First Reformed

Afflictions

         
 

01 June 2018| No Comments on First Reformed     by Sean Chavel

 

Ethan Hawke as a priest with a crisis of conscience, and yet he is supposed to lead the celebration of his church’s upcoming two hundred and fiftieth anniversary. It’s amazing the church still stands since its held together by outside donations, while the modernized Abundant Life Church down the road is the one that’s popular and thriving. I’m thinking at first, how is First Reformed a thriller in the way it has been labeled by the promotional hype machine? I wouldn’t call it a thriller, but as it builds it becomes a drama questioning the values of religion, character study, peer into self-punishment, alarm on environmental decay, and anxiety of the apocalypse that could be coming this century.

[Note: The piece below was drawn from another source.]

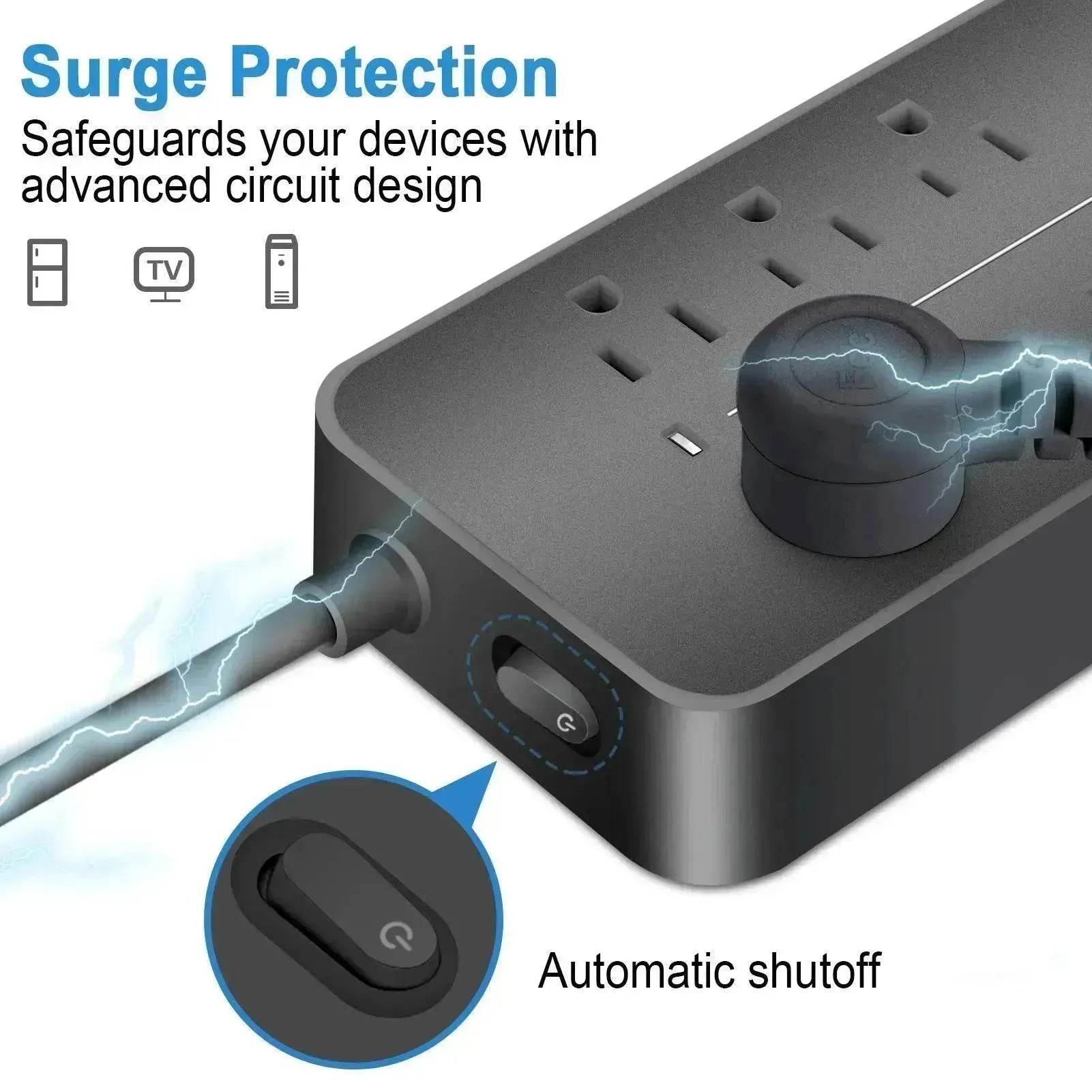 America Household Power Surge Protector Socket with USB Port. - www.Shopthatapp.com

I don’t know what you call it overall. What makes the film suspenseful, to say the least, is the way it keeps you questioning about, scene for scene, where all of it is going. Paul Schrader, four-time screenwriter for Martin Scorsese films and with an abundance of writing-directing credits of his own (“Auto Focus” and “Affliction” are his best), is the intrepid filmmaker behind this. There are some trying scenes (you have to dig around judiciously to pluck out the most meaningful points out of long dialogues). This is still however his best film of Schrader’s in awhile, and one you can’t pass judgment on until your head has stopped spinning and you’ve thought about it for an hour afterwards.

Hawke gives a steady performance who emits the right tone of compassion, composure and tactful message-making. His homilies are more on the serious side than they are humorous. I’m thinking, yes, good Hawke performance. Then as the film develops, as it shows how the dark vibes are penetrating and getting the best of him, I’m thinking it’s a great Hawke performance. That Hawke is pissing blood and has cancer symptoms, and choosing not to take care of himself, is not just meekness. It’s more extreme self-loathing that he neglects himself.

It really is better not to know much about the film beyond that. All I will say is that Amanda Seyfried (perfectly cast), comes forward to the Priest and asks that he speaks to her husband (Philip Ettinger) who is deeply depressed over world issues. She is pregnant, and yet the husband does not want to bring a child into the world because he thinks it is doomed. Hawke exercises his dogma to bring the best out of the young man and release his depression. His words sound like the ones coming from any good priest. The priest gets sucked into the depression by what the young man has said.  The contemplation gets so deep one can become a disturbed person.

This is by no means an ordinary movie. It’s not a movie for youngsters. An adult could have a hard shell and even then you would be shaken by it.

You know, you could do horrible, terrible things to this Earth. But if the right attractive girl kissed you, it really would stop a man from participating in destructive acts. It’s that simple, a kiss from the right girl above all, that puts a lid on a man’s temper and rage before it flares up.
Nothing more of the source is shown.